Assigned task => Below this line is a listing that includes pictures. Copy exactly, and only, the lines from the one containing "Delahaye 145 Chapron Coupe - 48772 - 1937" through the one containing "Canine Good Citizen! Thank you Tara!!"; the pictures do not go in the copy.

Records provided =>
━━━━
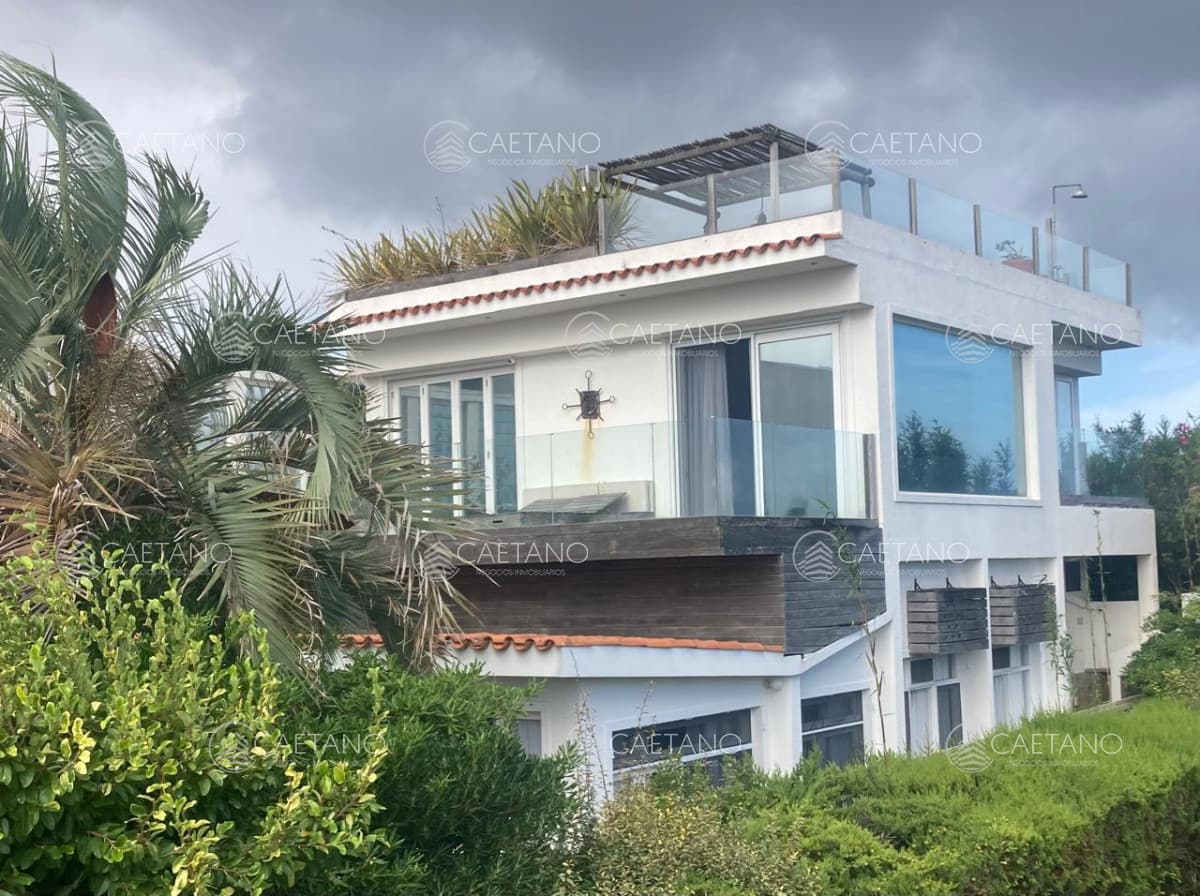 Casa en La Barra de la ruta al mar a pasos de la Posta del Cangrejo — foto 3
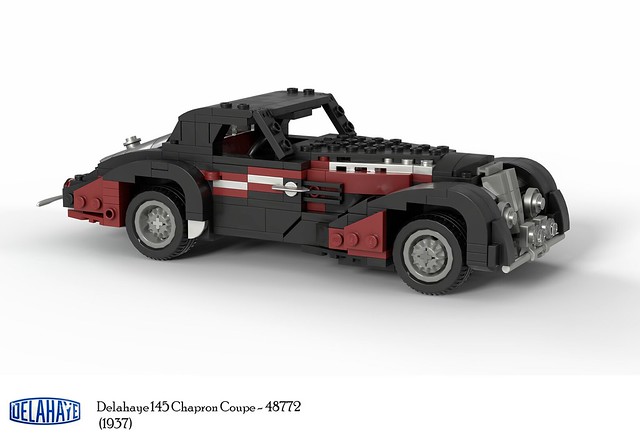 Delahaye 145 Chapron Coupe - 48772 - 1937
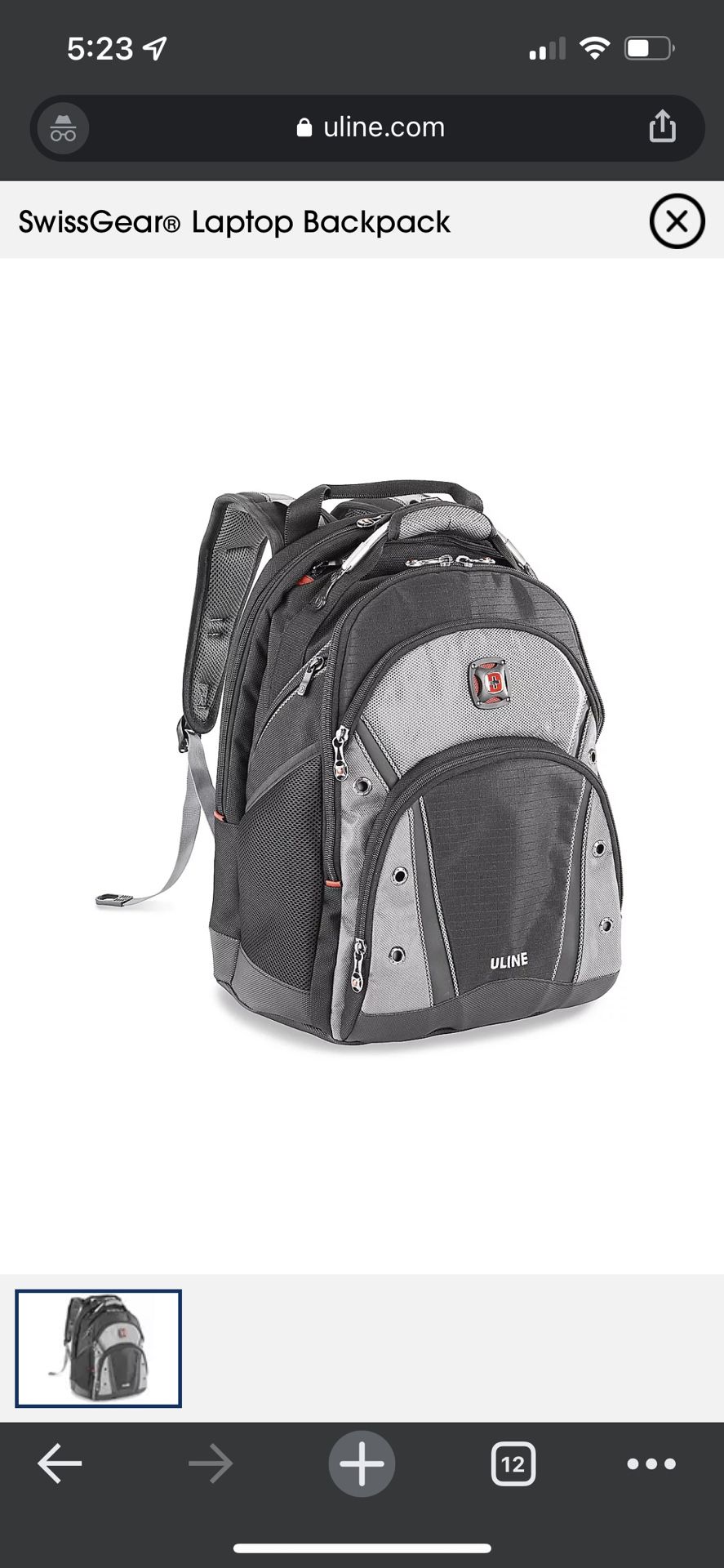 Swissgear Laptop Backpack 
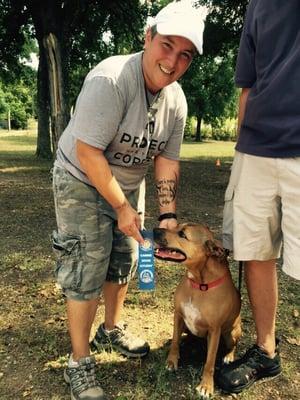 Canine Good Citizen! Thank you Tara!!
━━━━
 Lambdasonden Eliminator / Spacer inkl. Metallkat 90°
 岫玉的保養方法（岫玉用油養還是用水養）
━━━━
Output =>
 Delahaye 145 Chapron Coupe - 48772 - 1937
 Swissgear Laptop Backpack 
 Canine Good Citizen! Thank you Tara!!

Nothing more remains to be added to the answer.